*TASK ITEM*. The lines to repeat are those below from the one containing "Maeve by Anthropologie" down to the one containing "Theater Backdrops Snowy", both included; reproduce them exactly and nothing else.

*RECORDS PROVIDED*.
★ ★ ★ ★ ★
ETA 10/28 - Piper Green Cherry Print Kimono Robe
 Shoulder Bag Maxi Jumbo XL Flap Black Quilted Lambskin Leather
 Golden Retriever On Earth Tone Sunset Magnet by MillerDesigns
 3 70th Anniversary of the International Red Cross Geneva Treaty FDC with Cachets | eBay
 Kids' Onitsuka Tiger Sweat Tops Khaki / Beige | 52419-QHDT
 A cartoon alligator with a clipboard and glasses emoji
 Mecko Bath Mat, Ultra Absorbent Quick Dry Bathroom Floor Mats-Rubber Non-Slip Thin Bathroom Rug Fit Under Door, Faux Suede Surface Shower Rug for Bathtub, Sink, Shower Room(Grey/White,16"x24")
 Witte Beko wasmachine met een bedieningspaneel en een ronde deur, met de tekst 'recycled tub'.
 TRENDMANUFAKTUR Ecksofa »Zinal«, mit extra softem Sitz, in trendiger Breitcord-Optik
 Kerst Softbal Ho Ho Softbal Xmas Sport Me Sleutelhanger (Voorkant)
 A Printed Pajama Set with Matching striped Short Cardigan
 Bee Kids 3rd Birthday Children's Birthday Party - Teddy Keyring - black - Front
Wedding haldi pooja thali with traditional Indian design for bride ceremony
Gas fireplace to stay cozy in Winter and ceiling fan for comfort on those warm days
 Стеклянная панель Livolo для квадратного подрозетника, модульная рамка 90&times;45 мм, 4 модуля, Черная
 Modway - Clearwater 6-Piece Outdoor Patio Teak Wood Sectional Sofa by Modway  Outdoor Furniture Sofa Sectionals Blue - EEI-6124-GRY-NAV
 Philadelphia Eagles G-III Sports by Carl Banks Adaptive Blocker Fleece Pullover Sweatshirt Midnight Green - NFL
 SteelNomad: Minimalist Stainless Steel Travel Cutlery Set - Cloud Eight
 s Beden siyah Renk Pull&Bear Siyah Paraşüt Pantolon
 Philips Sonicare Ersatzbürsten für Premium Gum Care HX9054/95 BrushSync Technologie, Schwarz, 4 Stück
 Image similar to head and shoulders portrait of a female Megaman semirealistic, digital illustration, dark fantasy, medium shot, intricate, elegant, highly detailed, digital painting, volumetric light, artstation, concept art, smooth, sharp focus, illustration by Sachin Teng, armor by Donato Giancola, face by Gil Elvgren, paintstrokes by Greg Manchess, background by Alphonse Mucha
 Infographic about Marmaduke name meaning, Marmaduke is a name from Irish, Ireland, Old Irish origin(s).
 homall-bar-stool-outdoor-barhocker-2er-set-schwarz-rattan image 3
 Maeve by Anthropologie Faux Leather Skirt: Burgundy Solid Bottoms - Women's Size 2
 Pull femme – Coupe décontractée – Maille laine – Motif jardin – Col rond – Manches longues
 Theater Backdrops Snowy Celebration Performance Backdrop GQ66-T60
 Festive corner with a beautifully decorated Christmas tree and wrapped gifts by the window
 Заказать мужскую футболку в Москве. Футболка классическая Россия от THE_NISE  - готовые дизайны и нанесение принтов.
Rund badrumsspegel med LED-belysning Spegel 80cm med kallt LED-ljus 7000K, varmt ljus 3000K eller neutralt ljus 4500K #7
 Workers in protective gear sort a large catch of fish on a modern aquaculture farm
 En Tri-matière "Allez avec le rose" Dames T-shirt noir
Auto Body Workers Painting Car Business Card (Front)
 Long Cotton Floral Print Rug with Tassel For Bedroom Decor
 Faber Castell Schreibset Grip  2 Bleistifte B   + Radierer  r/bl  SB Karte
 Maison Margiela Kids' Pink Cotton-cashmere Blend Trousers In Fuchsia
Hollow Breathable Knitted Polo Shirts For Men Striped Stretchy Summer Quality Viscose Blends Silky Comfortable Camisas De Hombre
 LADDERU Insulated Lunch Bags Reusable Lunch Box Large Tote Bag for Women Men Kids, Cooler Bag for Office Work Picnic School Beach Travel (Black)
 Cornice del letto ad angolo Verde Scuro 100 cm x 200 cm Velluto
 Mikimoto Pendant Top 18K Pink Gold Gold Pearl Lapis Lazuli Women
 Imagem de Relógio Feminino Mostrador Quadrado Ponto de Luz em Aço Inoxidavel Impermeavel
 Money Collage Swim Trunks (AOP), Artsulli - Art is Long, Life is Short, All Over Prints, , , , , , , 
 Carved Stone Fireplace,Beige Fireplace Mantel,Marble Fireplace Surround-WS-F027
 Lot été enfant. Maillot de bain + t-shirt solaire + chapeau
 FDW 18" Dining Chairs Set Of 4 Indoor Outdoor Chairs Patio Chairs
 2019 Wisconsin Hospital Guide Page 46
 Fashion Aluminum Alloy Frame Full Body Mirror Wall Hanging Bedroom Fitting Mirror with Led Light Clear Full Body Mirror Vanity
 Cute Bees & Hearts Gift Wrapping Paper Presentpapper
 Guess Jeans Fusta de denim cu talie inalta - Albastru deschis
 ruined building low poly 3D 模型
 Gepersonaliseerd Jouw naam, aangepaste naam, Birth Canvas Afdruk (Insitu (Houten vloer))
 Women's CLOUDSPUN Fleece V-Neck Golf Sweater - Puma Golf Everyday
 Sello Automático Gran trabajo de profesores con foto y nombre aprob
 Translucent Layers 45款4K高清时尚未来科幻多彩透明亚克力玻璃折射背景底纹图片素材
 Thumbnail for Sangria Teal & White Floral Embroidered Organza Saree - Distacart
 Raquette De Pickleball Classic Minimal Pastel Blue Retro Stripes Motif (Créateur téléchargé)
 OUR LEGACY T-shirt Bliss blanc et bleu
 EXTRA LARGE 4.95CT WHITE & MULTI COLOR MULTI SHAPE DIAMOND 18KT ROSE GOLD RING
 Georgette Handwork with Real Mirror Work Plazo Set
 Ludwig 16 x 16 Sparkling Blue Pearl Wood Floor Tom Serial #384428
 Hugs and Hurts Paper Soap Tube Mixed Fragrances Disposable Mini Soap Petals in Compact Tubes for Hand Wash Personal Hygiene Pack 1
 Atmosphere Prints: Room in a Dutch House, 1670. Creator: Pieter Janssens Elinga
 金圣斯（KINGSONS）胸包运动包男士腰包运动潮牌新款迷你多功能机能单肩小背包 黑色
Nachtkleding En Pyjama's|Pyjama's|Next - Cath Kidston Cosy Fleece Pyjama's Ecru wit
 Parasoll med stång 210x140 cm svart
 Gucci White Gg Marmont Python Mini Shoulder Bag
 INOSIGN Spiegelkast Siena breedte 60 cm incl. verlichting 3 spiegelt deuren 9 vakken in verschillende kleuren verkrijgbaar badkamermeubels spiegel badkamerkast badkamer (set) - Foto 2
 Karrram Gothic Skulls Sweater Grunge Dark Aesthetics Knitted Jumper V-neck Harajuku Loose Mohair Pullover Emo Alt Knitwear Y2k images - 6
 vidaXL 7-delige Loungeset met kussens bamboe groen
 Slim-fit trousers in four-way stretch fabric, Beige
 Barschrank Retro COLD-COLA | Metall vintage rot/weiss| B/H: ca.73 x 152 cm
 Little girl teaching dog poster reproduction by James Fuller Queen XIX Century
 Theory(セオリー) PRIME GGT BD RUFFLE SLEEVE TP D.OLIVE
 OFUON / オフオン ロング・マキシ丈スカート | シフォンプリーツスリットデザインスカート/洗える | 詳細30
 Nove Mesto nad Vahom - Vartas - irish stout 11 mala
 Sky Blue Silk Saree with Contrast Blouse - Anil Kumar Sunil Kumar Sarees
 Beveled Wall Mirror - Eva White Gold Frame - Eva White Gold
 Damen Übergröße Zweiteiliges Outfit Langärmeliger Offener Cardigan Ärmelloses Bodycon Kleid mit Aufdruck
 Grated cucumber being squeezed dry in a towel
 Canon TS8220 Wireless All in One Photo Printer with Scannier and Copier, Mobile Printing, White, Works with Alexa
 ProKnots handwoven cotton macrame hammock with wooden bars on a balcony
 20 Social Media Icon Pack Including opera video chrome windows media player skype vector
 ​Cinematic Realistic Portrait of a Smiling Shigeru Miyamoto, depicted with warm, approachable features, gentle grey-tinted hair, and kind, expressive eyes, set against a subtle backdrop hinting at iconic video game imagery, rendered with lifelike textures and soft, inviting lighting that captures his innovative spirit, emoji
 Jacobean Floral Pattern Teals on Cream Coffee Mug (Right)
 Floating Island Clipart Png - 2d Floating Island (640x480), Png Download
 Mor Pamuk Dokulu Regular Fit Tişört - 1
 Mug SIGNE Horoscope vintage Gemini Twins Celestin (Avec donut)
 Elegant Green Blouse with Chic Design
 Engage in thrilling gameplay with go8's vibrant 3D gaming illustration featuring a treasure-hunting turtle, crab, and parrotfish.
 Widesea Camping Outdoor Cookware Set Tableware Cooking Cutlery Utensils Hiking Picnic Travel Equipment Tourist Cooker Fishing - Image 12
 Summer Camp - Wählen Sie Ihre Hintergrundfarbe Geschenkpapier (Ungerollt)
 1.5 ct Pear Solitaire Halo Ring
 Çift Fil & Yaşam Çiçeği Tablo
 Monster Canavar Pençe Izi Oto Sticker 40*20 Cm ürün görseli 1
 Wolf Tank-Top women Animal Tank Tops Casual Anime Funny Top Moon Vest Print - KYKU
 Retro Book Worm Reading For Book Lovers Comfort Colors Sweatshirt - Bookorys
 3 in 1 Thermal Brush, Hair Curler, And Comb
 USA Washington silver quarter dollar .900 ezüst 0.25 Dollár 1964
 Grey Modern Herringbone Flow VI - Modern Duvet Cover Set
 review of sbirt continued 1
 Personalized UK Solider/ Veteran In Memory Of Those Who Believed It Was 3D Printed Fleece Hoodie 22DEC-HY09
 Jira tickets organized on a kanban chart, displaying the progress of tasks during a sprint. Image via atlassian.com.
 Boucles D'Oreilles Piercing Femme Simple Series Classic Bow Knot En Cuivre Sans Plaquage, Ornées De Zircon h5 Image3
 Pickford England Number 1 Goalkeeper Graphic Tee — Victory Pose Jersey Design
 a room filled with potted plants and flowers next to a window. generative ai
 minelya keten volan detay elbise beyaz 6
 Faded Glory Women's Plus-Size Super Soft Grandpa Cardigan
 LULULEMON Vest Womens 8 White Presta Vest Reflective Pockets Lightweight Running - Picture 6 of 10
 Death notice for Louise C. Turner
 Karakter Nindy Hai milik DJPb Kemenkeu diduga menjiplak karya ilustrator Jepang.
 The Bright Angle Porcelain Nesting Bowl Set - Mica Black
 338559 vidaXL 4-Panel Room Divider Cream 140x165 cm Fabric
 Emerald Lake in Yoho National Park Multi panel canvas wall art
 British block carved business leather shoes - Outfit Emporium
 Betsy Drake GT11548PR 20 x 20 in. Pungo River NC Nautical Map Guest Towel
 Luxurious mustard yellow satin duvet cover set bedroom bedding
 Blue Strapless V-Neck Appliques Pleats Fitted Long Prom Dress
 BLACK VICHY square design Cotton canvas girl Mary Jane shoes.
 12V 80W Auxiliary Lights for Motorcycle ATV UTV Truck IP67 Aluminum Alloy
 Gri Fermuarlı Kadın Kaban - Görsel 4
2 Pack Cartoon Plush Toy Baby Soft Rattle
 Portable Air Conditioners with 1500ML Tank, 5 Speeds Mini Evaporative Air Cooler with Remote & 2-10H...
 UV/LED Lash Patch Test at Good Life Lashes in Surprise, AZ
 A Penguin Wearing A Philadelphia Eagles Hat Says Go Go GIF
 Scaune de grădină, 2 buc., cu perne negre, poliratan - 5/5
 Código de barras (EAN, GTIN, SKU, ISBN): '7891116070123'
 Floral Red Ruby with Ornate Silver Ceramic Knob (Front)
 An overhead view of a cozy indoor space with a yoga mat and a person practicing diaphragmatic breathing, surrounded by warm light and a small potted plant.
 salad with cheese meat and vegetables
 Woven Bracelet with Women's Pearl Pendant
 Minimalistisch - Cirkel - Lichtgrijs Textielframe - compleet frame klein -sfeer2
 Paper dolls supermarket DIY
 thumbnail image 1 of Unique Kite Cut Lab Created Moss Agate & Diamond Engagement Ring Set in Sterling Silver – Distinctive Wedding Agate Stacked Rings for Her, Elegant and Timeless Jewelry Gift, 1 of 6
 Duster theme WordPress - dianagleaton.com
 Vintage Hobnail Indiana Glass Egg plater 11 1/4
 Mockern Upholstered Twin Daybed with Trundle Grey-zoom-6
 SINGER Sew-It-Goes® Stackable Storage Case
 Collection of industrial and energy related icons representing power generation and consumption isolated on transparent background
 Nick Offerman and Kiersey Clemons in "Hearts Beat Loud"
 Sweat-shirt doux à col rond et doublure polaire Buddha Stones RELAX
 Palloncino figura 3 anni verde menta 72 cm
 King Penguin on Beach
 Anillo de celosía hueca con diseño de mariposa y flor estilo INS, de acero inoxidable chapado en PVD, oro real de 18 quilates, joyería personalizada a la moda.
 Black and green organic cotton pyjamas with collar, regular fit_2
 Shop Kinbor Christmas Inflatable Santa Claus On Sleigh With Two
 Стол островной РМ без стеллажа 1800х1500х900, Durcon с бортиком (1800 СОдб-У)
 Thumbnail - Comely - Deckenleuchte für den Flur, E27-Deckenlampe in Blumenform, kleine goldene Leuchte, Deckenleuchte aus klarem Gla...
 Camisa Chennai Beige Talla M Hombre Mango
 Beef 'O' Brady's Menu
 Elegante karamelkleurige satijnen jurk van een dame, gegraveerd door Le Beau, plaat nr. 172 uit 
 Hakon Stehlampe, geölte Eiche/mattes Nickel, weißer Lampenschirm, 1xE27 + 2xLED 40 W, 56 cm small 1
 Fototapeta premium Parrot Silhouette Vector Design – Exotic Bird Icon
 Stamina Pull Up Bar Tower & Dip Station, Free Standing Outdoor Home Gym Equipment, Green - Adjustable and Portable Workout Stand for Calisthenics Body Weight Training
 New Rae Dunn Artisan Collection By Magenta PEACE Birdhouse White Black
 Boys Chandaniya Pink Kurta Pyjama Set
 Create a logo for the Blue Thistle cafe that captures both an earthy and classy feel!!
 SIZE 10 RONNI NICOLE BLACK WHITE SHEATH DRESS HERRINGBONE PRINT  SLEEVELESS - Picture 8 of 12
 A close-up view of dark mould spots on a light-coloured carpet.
★ ★ ★ ★ ★
*THE ANSWER*.
 Maeve by Anthropologie Faux Leather Skirt: Burgundy Solid Bottoms - Women's Size 2
 Pull femme – Coupe décontractée – Maille laine – Motif jardin – Col rond – Manches longues
 Theater Backdrops Snowy Celebration Performance Backdrop GQ66-T60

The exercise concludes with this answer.